We next tested whether we could identify these pixels as responding to multiple single shocks during a 100 shock run. We reasoned that, on average, the slope from one control frame to the next should have an equal probability of being positive or negative. However, a region that responds repeatedly to a single shock should be more likely to have positive slopes following stimulation. We calculated for each frame step the number of positive slopes as a fraction of the total (Fig. 4C). For example, 14 out of 17 (0.82) slopes were positive for the open symbols pixel going from frame 5 to frame 6 (Frame no. 6 on the x-axis). Overall, only the frame after stimulation (going from frame 5 to frame 6) rose more than 3 standard deviations above the mean positive slope fraction. We defined these pixels as ‘hot pixels’. On account of the smoothing we performed for this analysis (see Methods), the areas identified (centred on a hot pixel) probably contained more than one fusion site (see Discussion).
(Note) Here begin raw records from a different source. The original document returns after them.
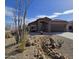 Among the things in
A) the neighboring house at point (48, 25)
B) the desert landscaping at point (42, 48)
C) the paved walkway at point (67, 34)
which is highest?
the neighboring house at point (48, 25)

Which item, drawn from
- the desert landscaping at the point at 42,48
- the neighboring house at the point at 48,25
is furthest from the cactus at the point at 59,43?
the neighboring house at the point at 48,25

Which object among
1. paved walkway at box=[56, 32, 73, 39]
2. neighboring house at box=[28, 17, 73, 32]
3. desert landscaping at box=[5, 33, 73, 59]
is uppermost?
neighboring house at box=[28, 17, 73, 32]

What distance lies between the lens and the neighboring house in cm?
198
We performed the same analysis on all of the pixels in many different terminals. As shown in Fig. 4D, control frames (filled circles) showed five to seven hot pixels, as expected (in a Gaussian distribution, 0.15% lie 3 standard deviations above the mean; terminals averaged about 4000 pixels, predicting about six hot pixels per terminal), while frames immediately following stimulation (open circles) showed significantly more (29, 43 and 201 hot pixels for one, two, and five shocks, respectively). We do not know precisely what these hot pixels represent, but presumably the majority of them reflect the most probable release sites.
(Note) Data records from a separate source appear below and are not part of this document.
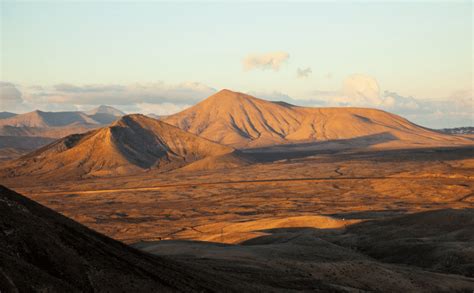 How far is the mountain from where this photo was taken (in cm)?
2395

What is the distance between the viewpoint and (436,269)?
5006 cm

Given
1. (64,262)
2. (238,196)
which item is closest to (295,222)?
(64,262)

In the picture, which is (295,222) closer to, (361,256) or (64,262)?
(361,256)

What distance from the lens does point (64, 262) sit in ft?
86.5

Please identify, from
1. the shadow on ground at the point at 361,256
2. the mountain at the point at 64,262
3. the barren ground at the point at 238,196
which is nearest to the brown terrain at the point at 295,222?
the shadow on ground at the point at 361,256

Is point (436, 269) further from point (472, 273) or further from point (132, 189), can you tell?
point (132, 189)

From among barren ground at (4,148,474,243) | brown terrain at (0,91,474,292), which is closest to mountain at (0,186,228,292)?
brown terrain at (0,91,474,292)

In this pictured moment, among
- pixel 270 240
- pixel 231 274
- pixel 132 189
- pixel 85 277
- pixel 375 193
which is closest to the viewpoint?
pixel 85 277

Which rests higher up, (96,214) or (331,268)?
(331,268)

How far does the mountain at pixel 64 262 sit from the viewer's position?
24.0m

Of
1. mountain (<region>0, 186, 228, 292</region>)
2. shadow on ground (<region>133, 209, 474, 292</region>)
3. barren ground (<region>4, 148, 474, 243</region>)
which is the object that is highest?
mountain (<region>0, 186, 228, 292</region>)

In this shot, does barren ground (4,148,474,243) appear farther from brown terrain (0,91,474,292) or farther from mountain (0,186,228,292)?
mountain (0,186,228,292)

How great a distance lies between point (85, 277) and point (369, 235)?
4692 centimetres

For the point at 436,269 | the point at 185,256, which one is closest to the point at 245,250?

Further analysis revealed two additional features of interest. First, we repeated runs of 100 stimuli at low frequency, and fewer than 2% of the hot pixel locations coincided from the paired runs (n = 4 terminals with at least two paired runs per terminal). Thus the hot pixel locations do not overlap from one trial to the next, suggesting a random process that caused some sites to rise above the noise. Second, we asked whether the hot pixel locations could predict release during high frequency trains. We measured the fluorescence response during a 30 s, 100 Hz train in the hot pixels identified as in Fig. 4D and compared this value to both the average fluorescence response to the whole terminal and to the pixels in the 100% decile (hot spots). Results, plotted in Fig. 4E, show that the fluorescence change in hot pixels is not different from the terminal average and considerably lower than the fluorescence change in the hot spots. We also observed a clear lack of spatial overlap between the hot spots and hot pixels (red and green, respectively, in Fig. 4F). Therefore, the release sites identified during low frequency stimulation could not predict the sites of most spH accumulation during a long, high frequency train. This confirms and extends the observation (Fig. 3) that hot spots do not predict release sites with mild stimulation, and vice versa.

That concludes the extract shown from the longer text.